Bab 6 – Pendapat Berbeda Hakim
Konstitusi
Terhadap putusan Mahkamah Konstitusi
ini, empat orang Hakim Konstitusi mempunyai pendapat berbeda (dissenting
opinion).
a.
Hakim
Konstitusi H. Harjono khusus mengenai kedudukan hukum Pemohon warga negara
asing.
b.
H.
Achmad Roestandi mempunyai pendapat berbeda mengenai Pokok Permohonan.
c.
HM
Laica Marzuki dan Maruarar Siahaan mempunyai pendapat berbeda baik mengenai
kedudukan hukum maupun Pokok Permohonan.
…
Demikian resume dari buku “Kontroversi
Hukuman Mati, Perbedaan Pendapat Hakim Konstitusi” ini, besar harapanya apabila
resume ini bermanfaat paling tidak untuk diri saya sendiri terlebih bagi para
pembaca sekalian.
Saya tidak memungkiri ada beberapa
kesalahan penulisan atau ketidaktepatan kata-kata karena resume ini saya buat
se-objektif mungkin dengan kemampuan saya, bagi yang ingin tahu lebih lanjut
terkait putusan ini dapat klik disini, langsung tersambung ke resume putusan No.

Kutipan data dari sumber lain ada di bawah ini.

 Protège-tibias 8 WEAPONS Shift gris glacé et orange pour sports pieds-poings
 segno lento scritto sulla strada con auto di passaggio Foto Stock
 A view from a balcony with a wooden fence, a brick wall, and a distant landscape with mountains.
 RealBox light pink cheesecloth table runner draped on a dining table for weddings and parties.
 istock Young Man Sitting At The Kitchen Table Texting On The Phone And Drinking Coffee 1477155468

2/PUU-V/2007 dan No. 3/PUU-V/2007 resmi dari Mahkamah Konstitusi.
Menarik, bermanfaat sekali Mas Beryl, terutama untuk yg gk sempat baca bukunya bisa menjadi tahu isinya, bukan dari latar belakang hukum sy dapat poinnya meskipun tidak 100%, hee.

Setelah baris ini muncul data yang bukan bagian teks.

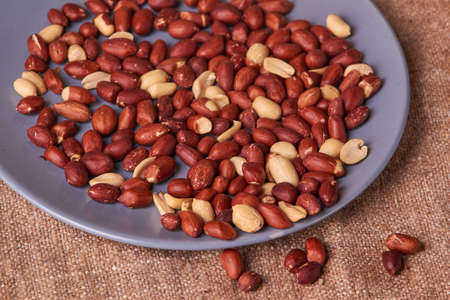 fried peanuts on blue plate on sackcloth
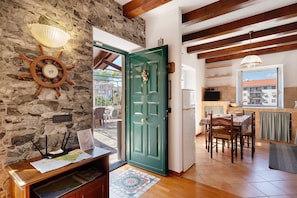 Una habitación con pared de piedra, puerta verde, techo de madera, una mesa de comedor con sillas y vistas al exterior.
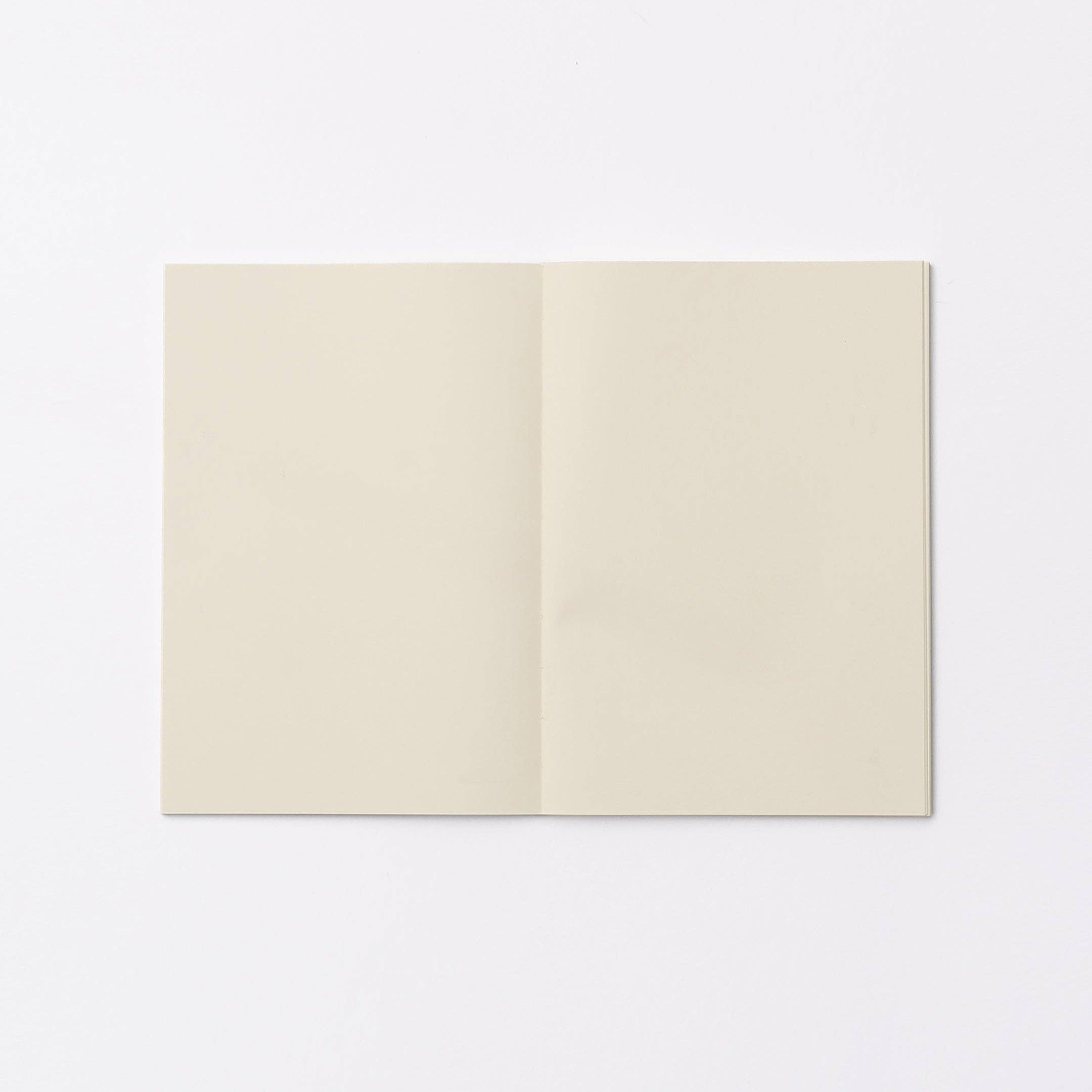 An open blank notebook or journal with cream-colored pages, displayed flat against a clean white background.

BalasHapusOiya, apa berarti Indonesia sekarang masih menerapkan hukuman mati Mas Beryl ?
Terimakasih, tetep terus ngirim yg beginian Mas, Top 👍
Terimakasih apresiasinya Lion Arsya.😁😁😁
HapusBenar Indonesia masih menerapkan hukuman mati, tercantum di UU Narkotika
Kendati demikian terdapat kriteria tertentu hingga terdakwa dapat dijatuhi hukuman mati, sehingga tidak semua tindak pidana dapat dijatuhi hukuman mati.